Fugir, no entanto, não era uma opção. Bombas dos aliados haviam danificado seu apartamento em Schmargendorf, que ficou com água na altura do joelho. Seu marido Karl estava na guerra, e como ela não havia recebido notícias dele havia dois anos, assumira que ele estava morto. "Para onde eu deveria ir?", pergunta ela. Pelo menos em Gross-Partsch ela tinha sua sogra e sua própria cama.

Então chegou o dia 20 de julho de 1944. Alguns soldados haviam convidado as mulheres do local para a exibição de um filme numa tenda perto do quartel, quando a bomba do coronel Claus von Stauffenberg explodiu. "A explosão nos arrancou dos bancos de madeira", conta Wölk. Então, alguém gritou: "Hitler está morto!" Mas o plano de assassinato falhou. "Ele saiu com alguns arranhões", disse Wolk secamente.

Depois disso, os nazistas reforçaram a segurança em torno da Toca do Lobo, e as provadoras não podiam mais morar em suas casas. Em vez disso, eles foram alojadas numa escola vazia nas proximidades. "Nós éramos presas como animais enjaulados", diz Wölk.

Fuga para Berlim
Então, uma noite, um oficial da SS usou uma escada para chegar até o quarto onde ela estava dormindo e a estuprou. Ela diz que permaneceu em silêncio durante o ataque. "Aquele velho porco", disse Wölk, que afirmou nunca ter se sentido tão impotente. "Na manhã seguinte, a escada ainda estava encostada na frente do prédio." Ela continua calma e pragmática, dizendo que é importante para ela que sua história seja vista com seriedade.

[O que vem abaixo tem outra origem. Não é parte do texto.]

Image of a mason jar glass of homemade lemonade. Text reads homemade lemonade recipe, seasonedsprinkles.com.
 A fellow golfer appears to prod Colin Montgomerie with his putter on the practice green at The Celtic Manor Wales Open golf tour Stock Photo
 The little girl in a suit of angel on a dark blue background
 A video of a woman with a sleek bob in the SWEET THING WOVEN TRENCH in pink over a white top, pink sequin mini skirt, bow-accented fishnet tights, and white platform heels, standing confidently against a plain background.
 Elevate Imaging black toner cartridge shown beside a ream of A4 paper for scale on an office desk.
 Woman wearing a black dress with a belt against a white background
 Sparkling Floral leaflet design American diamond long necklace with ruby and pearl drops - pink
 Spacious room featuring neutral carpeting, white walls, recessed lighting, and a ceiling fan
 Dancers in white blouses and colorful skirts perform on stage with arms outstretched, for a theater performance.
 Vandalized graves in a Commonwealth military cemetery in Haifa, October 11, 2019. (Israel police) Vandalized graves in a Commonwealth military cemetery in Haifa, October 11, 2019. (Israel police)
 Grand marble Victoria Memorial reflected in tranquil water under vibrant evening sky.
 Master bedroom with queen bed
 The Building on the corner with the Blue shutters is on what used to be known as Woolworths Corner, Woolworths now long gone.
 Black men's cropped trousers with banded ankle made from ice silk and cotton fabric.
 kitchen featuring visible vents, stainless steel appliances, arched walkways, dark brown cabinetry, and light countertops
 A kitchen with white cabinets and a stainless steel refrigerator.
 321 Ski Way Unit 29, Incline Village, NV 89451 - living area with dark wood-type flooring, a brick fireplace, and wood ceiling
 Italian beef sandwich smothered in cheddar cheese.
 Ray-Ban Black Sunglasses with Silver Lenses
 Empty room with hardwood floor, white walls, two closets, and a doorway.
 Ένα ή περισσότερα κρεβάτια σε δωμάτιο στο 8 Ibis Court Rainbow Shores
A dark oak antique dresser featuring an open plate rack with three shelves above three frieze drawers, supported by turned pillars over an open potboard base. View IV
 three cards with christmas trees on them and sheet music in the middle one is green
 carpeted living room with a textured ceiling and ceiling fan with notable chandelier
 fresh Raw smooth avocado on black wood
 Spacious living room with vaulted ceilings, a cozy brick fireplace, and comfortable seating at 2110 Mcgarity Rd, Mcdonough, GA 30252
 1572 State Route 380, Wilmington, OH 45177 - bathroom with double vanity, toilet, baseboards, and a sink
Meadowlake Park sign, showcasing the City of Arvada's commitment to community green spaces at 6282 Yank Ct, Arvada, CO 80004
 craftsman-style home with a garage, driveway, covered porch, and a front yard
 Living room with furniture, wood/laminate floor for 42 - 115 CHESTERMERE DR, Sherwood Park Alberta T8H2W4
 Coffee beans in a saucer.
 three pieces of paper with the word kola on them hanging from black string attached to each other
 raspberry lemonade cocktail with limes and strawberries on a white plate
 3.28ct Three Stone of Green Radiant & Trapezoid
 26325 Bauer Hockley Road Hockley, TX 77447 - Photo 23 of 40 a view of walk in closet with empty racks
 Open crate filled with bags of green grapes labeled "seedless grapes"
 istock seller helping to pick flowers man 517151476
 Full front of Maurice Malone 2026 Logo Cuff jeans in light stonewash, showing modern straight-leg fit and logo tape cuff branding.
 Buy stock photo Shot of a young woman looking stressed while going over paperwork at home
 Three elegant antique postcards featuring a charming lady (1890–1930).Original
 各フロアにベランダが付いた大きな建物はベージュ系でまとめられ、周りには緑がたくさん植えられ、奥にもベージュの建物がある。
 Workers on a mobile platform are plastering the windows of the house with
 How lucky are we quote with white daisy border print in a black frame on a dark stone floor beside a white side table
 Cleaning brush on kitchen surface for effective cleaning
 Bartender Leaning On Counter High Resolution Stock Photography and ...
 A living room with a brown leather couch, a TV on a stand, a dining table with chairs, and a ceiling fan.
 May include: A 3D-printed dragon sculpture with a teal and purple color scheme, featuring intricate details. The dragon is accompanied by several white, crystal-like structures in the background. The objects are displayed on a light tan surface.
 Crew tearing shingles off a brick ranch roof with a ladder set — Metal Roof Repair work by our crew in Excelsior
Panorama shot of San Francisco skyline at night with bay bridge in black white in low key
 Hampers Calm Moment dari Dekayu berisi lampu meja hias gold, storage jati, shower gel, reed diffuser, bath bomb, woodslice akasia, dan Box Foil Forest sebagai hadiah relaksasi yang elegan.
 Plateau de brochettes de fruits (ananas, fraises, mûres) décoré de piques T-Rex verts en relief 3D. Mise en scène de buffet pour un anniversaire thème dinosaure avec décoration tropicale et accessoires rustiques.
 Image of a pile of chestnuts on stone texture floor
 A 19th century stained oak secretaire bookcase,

Quando o exército soviético estava a apenas alguns quilômetros de distância de chegar à Toca do Lobo, um tenente a puxou de lado e disse: "Vá, saia daqui!" Ele a colocou num trem para Berlim, e isso salvou sua vida. Após a guerra ela o encontrou novamente lá, e ele a contou que todas as outras provadoras de alimentos haviam sido mortas a tiros por soldados soviéticos.

Sua vida foi salva pela segunda vez por um médico de Berlim, que a acolheu depois que ela fugiu da Toca do Lobo. Quando os soldados da SS apareceram em seu consultório buscando pela fugitiva, ele mentiu e eles foram embora.

Quando ela voltou para Schmargendorf, no entanto, caiu nas mãos do exército soviético. Durante duas semanas, eles a estupraram repetidamente, causando ferimentos tão brutais que ela nunca foi capaz de ter filhos. Ela faz uma pausa diante da memória dolorosa. "Eu estava tão desesperada", sussurra a mulher de 95 anos de idade. "Eu não queria mais viver."

Um truque de sobrevivência
Só depois de se reencontrar com seu marido Karl em 1946 ela voltou a ter esperança, diz Wölk. Ele estava marcado pelos anos de guerra e prisão, mas ela cuidou dele até que recuperasse a saúde, e o casal passou mais 34 anos juntos e felizes.

Wölk sorri quando pensa em seu marido. Depois de todas as suas experiências, ela não é uma mulher amarga. Muito pelo contrário, na verdade. Ela está vestida com um suéter azul e um colar de contas de madeira. Ela também passou maquiagem, ou "pintou a si mesma", como ela diz. Apesar do passado, ela diz que sempre tentou ser feliz. "Eu não perdi meu humor", diz ela. "Embora ele tenha ficado mais sarcástico."

Em vez disso, ela decidiu não levar tudo muito a sério. "Esse sempre foi o meu truque para a sobrevivência", diz ela.

Mas, por um longo tempo, Wölk não queria nem pensar sobre o que havia acontecido em Gross-Partsch, muito menos discutir o assunto. Entretanto, muitas vezes a experiência voltava em sonhos. Só neste inverno, quando um jornalista local a visitou por conta de seu aniversário de 95 anos e começou a fazer perguntas, que ela falou sobre o que considera os piores anos de sua vida. Nesse momento, ela de repente decidiu quebrar seu silêncio. "Eu só queria dizer que o que aconteceu lá", diz ela. "Que Hitler era um homem realmente repugnante. E um porco."